(Work request):
Give again, word for word, each line below starting at the one that contains "Cahier de musique" and ending at the one that contains "etc-shop LED Stehlampe, Leuchtmittel".
/---
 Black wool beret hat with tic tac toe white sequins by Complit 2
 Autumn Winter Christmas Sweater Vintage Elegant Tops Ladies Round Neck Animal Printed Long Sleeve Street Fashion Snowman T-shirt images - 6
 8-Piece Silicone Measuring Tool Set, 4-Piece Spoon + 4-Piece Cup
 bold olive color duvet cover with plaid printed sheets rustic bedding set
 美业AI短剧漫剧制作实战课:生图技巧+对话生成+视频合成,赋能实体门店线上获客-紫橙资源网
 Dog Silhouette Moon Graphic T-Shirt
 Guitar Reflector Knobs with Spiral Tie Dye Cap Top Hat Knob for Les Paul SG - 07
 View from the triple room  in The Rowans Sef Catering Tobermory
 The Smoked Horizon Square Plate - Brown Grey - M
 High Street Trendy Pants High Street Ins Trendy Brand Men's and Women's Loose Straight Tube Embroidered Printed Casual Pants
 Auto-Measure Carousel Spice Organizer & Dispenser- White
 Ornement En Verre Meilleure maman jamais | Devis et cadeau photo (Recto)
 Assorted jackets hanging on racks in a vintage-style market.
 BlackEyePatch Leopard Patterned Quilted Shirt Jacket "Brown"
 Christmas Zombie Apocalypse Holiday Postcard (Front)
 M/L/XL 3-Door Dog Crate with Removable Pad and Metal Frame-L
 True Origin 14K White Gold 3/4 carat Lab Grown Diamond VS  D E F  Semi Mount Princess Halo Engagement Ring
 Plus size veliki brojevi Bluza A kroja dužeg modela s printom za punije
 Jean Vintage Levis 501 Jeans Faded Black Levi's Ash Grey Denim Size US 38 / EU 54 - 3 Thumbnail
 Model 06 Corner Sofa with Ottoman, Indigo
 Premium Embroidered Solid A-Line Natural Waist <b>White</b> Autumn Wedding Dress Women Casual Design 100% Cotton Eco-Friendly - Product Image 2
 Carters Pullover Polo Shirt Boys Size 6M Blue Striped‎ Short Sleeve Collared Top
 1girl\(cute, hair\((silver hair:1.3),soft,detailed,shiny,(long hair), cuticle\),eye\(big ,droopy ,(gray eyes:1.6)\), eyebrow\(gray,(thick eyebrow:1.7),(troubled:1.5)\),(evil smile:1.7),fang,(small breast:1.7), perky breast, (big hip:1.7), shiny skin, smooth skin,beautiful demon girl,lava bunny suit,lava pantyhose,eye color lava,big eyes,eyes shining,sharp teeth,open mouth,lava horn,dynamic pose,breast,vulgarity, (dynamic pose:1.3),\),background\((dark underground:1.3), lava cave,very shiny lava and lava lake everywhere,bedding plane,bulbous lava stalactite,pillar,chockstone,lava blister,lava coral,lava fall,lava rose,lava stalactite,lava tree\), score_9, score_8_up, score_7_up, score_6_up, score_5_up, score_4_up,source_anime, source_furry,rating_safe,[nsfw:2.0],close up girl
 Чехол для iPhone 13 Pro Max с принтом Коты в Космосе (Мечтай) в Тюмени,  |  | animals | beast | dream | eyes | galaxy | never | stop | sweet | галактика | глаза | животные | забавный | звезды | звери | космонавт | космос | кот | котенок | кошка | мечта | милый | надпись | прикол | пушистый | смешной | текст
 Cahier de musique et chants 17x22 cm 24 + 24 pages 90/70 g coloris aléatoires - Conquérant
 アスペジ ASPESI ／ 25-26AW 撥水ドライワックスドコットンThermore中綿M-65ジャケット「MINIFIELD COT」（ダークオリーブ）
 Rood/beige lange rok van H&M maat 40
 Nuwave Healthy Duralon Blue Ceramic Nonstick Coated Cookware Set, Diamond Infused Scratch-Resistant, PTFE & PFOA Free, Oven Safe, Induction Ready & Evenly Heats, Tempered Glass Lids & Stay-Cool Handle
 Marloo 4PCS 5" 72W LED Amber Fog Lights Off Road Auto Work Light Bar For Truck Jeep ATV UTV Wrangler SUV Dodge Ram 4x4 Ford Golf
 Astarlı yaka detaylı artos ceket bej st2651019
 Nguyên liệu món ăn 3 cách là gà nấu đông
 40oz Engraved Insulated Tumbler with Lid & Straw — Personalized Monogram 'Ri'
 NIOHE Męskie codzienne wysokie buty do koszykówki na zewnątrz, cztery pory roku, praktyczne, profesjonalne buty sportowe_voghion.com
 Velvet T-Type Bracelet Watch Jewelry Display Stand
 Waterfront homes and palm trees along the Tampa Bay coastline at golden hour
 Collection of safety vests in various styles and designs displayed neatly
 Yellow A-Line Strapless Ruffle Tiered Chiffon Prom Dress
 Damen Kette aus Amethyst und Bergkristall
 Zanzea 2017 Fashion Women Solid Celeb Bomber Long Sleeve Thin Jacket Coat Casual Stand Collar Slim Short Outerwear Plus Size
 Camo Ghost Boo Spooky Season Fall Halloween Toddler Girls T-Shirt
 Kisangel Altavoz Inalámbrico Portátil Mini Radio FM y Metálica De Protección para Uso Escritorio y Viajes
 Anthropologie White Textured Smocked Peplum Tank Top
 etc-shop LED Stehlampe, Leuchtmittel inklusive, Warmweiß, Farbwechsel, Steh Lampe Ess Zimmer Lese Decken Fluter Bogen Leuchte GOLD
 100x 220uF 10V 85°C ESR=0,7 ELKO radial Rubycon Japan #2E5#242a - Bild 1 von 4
\---
(Task response):
 Cahier de musique et chants 17x22 cm 24 + 24 pages 90/70 g coloris aléatoires - Conquérant
 アスペジ ASPESI ／ 25-26AW 撥水ドライワックスドコットンThermore中綿M-65ジャケット「MINIFIELD COT」（ダークオリーブ）
 Rood/beige lange rok van H&M maat 40
 Nuwave Healthy Duralon Blue Ceramic Nonstick Coated Cookware Set, Diamond Infused Scratch-Resistant, PTFE & PFOA Free, Oven Safe, Induction Ready & Evenly Heats, Tempered Glass Lids & Stay-Cool Handle
 Marloo 4PCS 5" 72W LED Amber Fog Lights Off Road Auto Work Light Bar For Truck Jeep ATV UTV Wrangler SUV Dodge Ram 4x4 Ford Golf
 Astarlı yaka detaylı artos ceket bej st2651019
 Nguyên liệu món ăn 3 cách là gà nấu đông
 40oz Engraved Insulated Tumbler with Lid & Straw — Personalized Monogram 'Ri'
 NIOHE Męskie codzienne wysokie buty do koszykówki na zewnątrz, cztery pory roku, praktyczne, profesjonalne buty sportowe_voghion.com
 Velvet T-Type Bracelet Watch Jewelry Display Stand
 Waterfront homes and palm trees along the Tampa Bay coastline at golden hour
 Collection of safety vests in various styles and designs displayed neatly
 Yellow A-Line Strapless Ruffle Tiered Chiffon Prom Dress
 Damen Kette aus Amethyst und Bergkristall
 Zanzea 2017 Fashion Women Solid Celeb Bomber Long Sleeve Thin Jacket Coat Casual Stand Collar Slim Short Outerwear Plus Size
 Camo Ghost Boo Spooky Season Fall Halloween Toddler Girls T-Shirt
 Kisangel Altavoz Inalámbrico Portátil Mini Radio FM y Metálica De Protección para Uso Escritorio y Viajes
 Anthropologie White Textured Smocked Peplum Tank Top
 etc-shop LED Stehlampe, Leuchtmittel inklusive, Warmweiß, Farbwechsel, Steh Lampe Ess Zimmer Lese Decken Fluter Bogen Leuchte GOLD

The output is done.